C’est surtout le secteur de soin mahorais qui a été mis à rude épreuve et en extrême tension. Au point que les évacuations sanitaires vers La Réunion se sont multipliées ces dernières semaines, afin de soulager les hôpitaux mahorais, saturés. Depuis le 4 février, 99 evasan ont ainsi été effectuées.

Des moyens supplémentaires avaient par ailleurs été envoyés depuis la Métropole afin de renforcer l’offre de soin sur l’île.

Afin de faire face à cette vague meurtrière et pour casser la circulation virale, un couvre-feu a été instauré le 5 février dernier. Il a été prolongé jusqu’au 15 mars prochain. Ce mercredi, le préfet de Mayotte a annoncé mettre en oeuvre "une sortie très progressive du confinement". A compter du 15 mars, le confinement va faire place à un couvre-feu à 18h. Les écoles vont pouvoir rouvrir, ainsi que les mosquées et les commerces.

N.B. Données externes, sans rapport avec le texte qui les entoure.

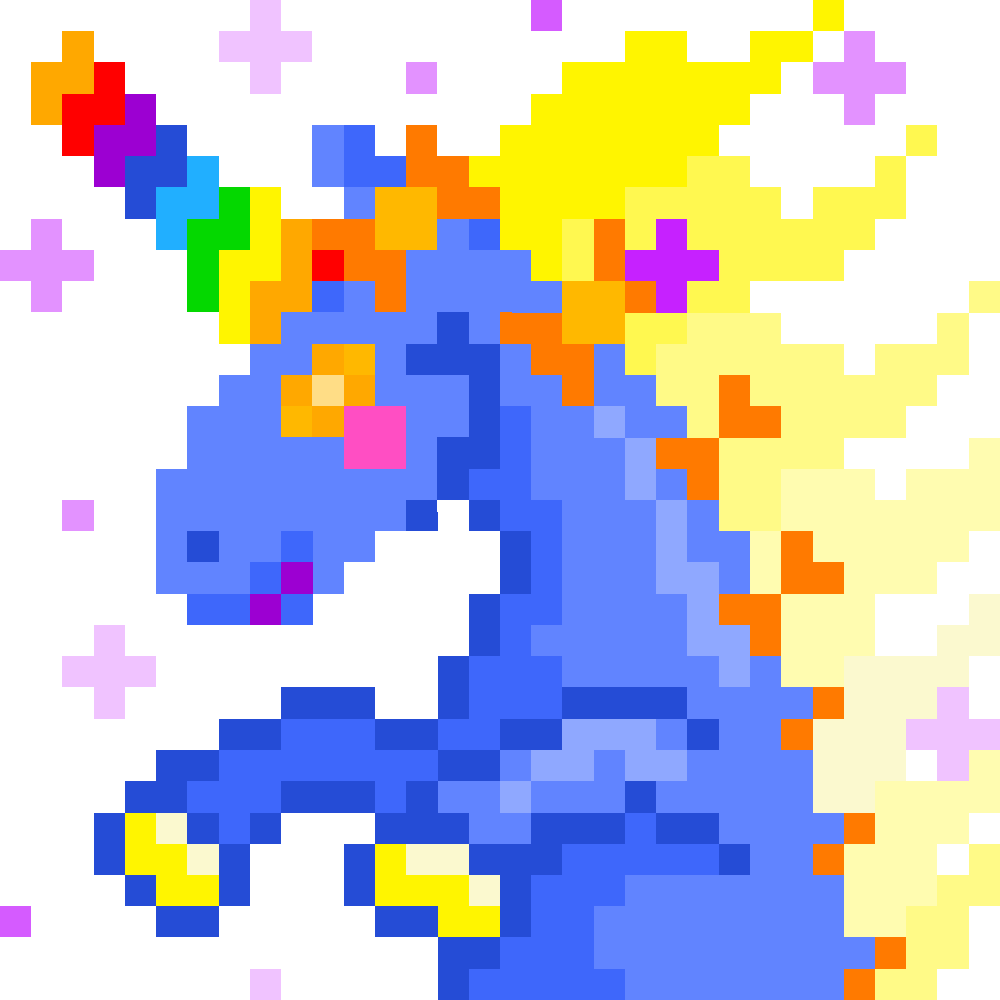 Unicorn #2753 static token preview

Mais d’ores et déjà, l’ARS de Mayotte note une nette amélioration de la situation et plusieurs indicateurs sont en baisse. Durant la première semaine de mars, l'île a enregistré 641 cas de Covid-19 pour un taux d'incidence de 229,4 selon le dernier bulletin de l'agence régionale de santé (ARS) de Mayotte. Le taux de positivité redescend à 12,8 %.

• Martinique : situation calme mais vigilance renforcée

Depuis le début de l’épidémie, la Martinique comptabilise 6.928 cas et 47 décès. Du 1er au 7 mars, 121 nouveaux cas ont été recensés, un chiffre stable comparé à la semaine précédente qui avait enregistré une nette hausse. Cela, du fait du variant britannique qui est désormais installé en Martinique et qui "circule à bas bruit". Pour autant, les autorités ne s’alarment pas mais demeurent vigilantes. En effet, les indicateurs sont encore au vert avec un taux d’incidence de 34 pour 100.000 habitants et seulement 7 personnes hospitalisées en réanimation.

Côté vaccination, 8.548 vaccinations ont été effectuées en date du 8 mars.

• Guadeloupe : reprise épidémique et couvre-feu

En Guadeloupe, 9.968 cas ont été recensés depuis le début de l’épidémie, et 164 décès. Depuis quelques jours, les autorités ont constaté un regain épidémique sur l’île. Selon les derniers chiffres, 387 nouvelles contaminations ont été recensées durant la dernière semaine de février faisant exploser le taux d’incidence qui est passé à 102,69 pour 100.000 habitants. Là encore, c’est le variant anglais qui semble être la cause de cette reprise. En conséquence, le préfet de Guadeloupe a annoncé l’instauration d’un couvre-feu depuis le 7 mars dernier, de 22 heures à 5 heures. Les salles de sport et de fitness, les bars, les salles de jeux, salle d’exposition ont également été fermés.

En ce qui concerne la vaccination, 11.118 personnes ont été vaccinées au 8 mars.

• Guyane : la situation s’améliore

Depuis le début de l’épidémie, la Guyane a comptabilisé 16 693 cas et 84 décès. Contrairement à ses voisines des Antilles, la Guyane, elle, sort de la seconde vague. Après avoir flirté avec un taux d’incidence de 300 pour 100.000 habitants, la Guyane semble retrouver une accalmie relative. Selon les derniers chiffres, 85 nouveaux cas ont été identifiés durant la dernière semaine de février, avec un taux d’incidence de 29/100 000 habitants. La situation n’étant plus aussi alarmante, le préfet de Guyane a décidé de lâcher du lest en élargissant le couvre-feu de 23 heures (au lieu de 19 heures) depuis le 27 février.

Côté vaccination, plus de 6.529 Guyanais auraient déjà été vaccinés, selon le ministère des Outre-mer.